Two macroeconomic data on Friday gave mixed signals for the economy as the factory output (IIP) surprised everyone with a massive jump to a 25-month high of 8.4% in November as compared to 2.2% in October, while the Consumer Price Index, however, accelerated to a 17-month-high of 5.21% in December from November’s 4.88%, in sink with the worries expressed by the Reserve Bank of India.
The industrial output grew 8.4% in November from a year earlier, government data showed on Friday. Economists surveyed by Reuters had forecast 4.4% growth in output compared with a downwardly revised 2% year-on-year increase in October.
India’s annual retail inflation accelerated in December to a 17-month high of 5.21%, government data showed on Friday, mainly driven by faster rises in prices of food and fuel products. Analysts polled by Reuters had forecast December’s CPI inflation to rise to 5.10% from November’s 4.88%. As per the data released by the Central Statistics Office (CSO), inflation for the food basket increased to 4.96% in December from 4.42% in the preceding month.

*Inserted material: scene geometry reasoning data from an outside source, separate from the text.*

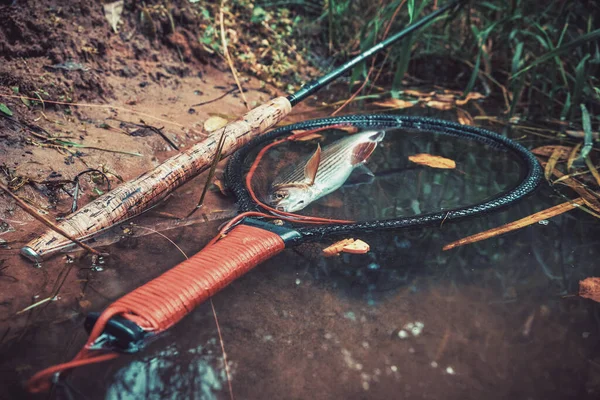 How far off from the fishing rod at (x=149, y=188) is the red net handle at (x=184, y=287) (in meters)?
0.58

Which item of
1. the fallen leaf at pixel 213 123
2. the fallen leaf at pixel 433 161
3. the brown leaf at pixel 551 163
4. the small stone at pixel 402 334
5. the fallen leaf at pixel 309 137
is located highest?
the small stone at pixel 402 334

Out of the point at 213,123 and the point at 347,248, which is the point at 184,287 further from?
the point at 213,123

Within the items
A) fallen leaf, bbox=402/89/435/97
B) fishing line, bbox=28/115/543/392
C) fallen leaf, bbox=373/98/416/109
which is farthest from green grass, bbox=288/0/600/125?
fishing line, bbox=28/115/543/392

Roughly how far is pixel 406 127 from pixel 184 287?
262cm

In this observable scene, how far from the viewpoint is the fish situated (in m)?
2.71

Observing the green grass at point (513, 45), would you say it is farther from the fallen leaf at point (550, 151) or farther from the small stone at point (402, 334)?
the small stone at point (402, 334)

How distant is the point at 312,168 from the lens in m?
2.75

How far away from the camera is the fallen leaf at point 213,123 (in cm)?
372

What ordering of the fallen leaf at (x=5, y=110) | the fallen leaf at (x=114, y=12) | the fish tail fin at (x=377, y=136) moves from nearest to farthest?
the fallen leaf at (x=5, y=110)
the fish tail fin at (x=377, y=136)
the fallen leaf at (x=114, y=12)

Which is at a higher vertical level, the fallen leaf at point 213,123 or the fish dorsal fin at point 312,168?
the fish dorsal fin at point 312,168

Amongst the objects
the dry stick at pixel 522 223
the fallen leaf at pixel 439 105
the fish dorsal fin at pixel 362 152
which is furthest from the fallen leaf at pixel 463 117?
the dry stick at pixel 522 223

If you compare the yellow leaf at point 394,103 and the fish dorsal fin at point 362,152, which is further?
the yellow leaf at point 394,103

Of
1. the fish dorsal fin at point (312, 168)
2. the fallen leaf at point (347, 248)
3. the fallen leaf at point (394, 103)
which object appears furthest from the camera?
the fallen leaf at point (394, 103)

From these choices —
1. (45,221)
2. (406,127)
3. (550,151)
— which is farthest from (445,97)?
(45,221) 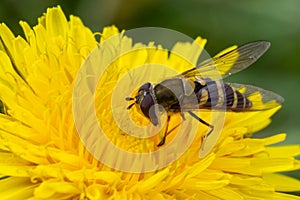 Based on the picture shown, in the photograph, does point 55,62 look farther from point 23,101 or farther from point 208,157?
point 208,157

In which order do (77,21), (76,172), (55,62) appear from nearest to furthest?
1. (76,172)
2. (55,62)
3. (77,21)

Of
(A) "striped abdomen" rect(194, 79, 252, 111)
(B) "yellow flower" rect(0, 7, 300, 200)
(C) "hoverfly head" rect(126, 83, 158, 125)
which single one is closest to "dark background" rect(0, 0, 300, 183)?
(B) "yellow flower" rect(0, 7, 300, 200)

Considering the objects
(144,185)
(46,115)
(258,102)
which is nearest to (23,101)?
(46,115)

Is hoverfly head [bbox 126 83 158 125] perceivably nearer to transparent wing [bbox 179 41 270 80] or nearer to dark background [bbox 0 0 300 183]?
transparent wing [bbox 179 41 270 80]

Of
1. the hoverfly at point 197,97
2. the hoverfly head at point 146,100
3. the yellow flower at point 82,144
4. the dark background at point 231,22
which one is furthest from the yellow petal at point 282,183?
the dark background at point 231,22

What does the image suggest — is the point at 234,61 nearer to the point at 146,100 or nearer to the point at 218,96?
the point at 218,96

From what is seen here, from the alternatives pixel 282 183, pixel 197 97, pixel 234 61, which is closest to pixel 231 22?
pixel 234 61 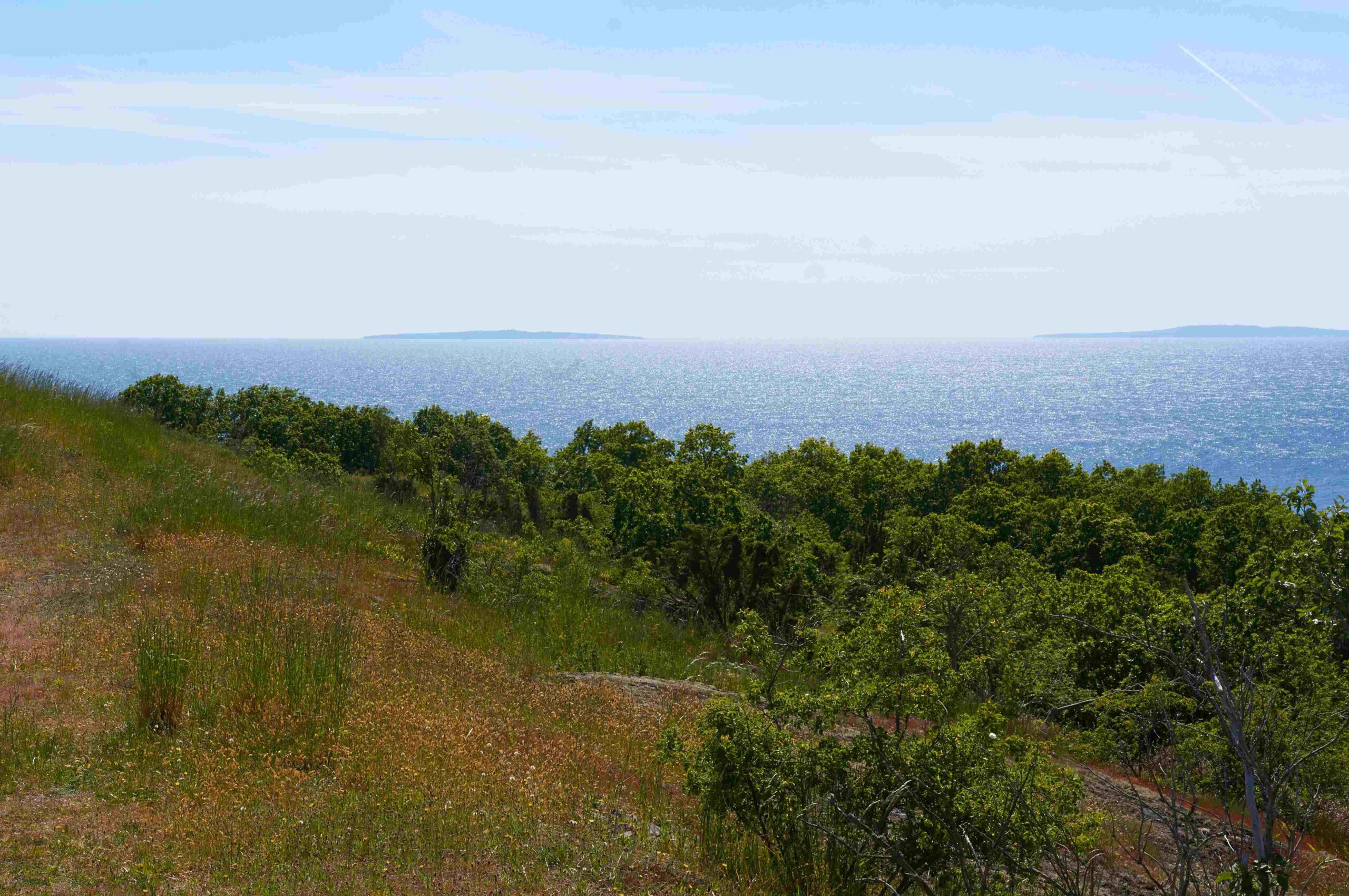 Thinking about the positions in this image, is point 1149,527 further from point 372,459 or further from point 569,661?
point 372,459

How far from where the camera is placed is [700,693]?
10.2 meters

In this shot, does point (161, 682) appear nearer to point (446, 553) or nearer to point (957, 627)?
point (446, 553)

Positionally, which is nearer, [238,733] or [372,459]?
[238,733]

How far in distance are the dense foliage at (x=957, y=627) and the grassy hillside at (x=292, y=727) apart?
110cm

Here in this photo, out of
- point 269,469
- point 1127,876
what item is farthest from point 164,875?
point 269,469

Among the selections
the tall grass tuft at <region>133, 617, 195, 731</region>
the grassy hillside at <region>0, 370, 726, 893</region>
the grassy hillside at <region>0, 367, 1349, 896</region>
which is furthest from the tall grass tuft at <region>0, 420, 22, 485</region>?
the tall grass tuft at <region>133, 617, 195, 731</region>

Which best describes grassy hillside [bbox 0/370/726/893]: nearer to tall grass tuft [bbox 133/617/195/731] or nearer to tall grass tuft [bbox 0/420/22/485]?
tall grass tuft [bbox 133/617/195/731]

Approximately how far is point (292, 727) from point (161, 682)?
48.3 inches

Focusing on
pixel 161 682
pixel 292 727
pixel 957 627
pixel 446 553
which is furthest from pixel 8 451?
pixel 957 627

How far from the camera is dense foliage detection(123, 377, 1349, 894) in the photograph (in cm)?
523

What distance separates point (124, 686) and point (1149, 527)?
32.9 metres

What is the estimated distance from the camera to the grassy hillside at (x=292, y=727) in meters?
5.18

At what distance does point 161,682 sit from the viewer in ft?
22.6

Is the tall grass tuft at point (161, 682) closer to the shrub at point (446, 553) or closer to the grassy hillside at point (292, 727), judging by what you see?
the grassy hillside at point (292, 727) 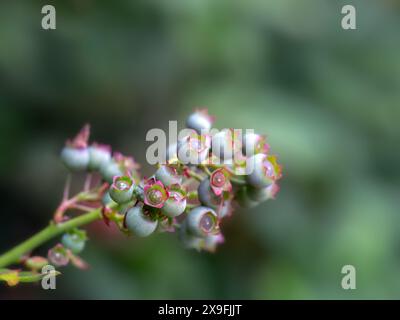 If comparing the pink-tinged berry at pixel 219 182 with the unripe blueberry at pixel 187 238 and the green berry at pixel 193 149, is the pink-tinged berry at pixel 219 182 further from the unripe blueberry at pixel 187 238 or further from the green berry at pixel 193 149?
the unripe blueberry at pixel 187 238

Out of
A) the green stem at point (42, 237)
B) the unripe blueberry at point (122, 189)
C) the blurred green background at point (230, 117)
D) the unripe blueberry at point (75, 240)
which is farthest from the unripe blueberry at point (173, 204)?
the blurred green background at point (230, 117)

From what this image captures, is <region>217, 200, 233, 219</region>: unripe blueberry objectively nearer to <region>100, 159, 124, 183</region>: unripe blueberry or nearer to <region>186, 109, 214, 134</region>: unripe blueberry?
<region>186, 109, 214, 134</region>: unripe blueberry

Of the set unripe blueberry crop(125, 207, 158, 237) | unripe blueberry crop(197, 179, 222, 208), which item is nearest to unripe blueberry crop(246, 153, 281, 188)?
unripe blueberry crop(197, 179, 222, 208)

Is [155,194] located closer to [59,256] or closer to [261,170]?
[261,170]

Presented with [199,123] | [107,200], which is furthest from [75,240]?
[199,123]

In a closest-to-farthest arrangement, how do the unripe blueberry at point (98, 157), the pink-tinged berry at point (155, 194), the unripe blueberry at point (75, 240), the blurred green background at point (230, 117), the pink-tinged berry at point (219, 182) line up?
the pink-tinged berry at point (155, 194) → the pink-tinged berry at point (219, 182) → the unripe blueberry at point (75, 240) → the unripe blueberry at point (98, 157) → the blurred green background at point (230, 117)

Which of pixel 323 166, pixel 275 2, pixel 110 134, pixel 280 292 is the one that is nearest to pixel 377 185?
pixel 323 166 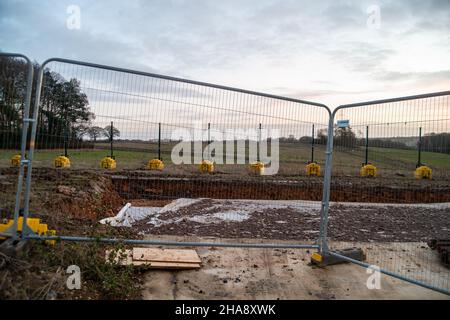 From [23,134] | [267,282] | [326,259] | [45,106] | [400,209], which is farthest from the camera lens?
[400,209]

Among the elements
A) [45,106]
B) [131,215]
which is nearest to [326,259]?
[45,106]

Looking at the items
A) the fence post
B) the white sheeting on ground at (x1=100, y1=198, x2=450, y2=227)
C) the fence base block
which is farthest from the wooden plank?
the white sheeting on ground at (x1=100, y1=198, x2=450, y2=227)

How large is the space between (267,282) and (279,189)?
8.92 metres

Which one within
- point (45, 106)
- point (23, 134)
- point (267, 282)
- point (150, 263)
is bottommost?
point (267, 282)

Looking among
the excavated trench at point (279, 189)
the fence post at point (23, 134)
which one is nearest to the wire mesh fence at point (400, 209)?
the excavated trench at point (279, 189)

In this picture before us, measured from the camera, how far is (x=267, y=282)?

The data revealed that eggs, vegetables and fruits became costlier, while inflation moderated in case of cereals and
According to Richa Gupta, Senior Economist, Deloitte India said, “Inflation has risen on the back of a base effect as the overall index has fallen from the previous month’s level. The current print is unlikely to lead to any major change in RBI’s stance in the near term as inflation is likely to head downwards in the second half of the year once the unfavourable base effects wane. That said, energy and commodity prices could exert some pressure if global growth momentum pricks up from current levels.”
She, however, added that the IIP and the CPI numbers are not interrelated and have moved on the back of completely different reasons. “We should be looking at trends,” she added.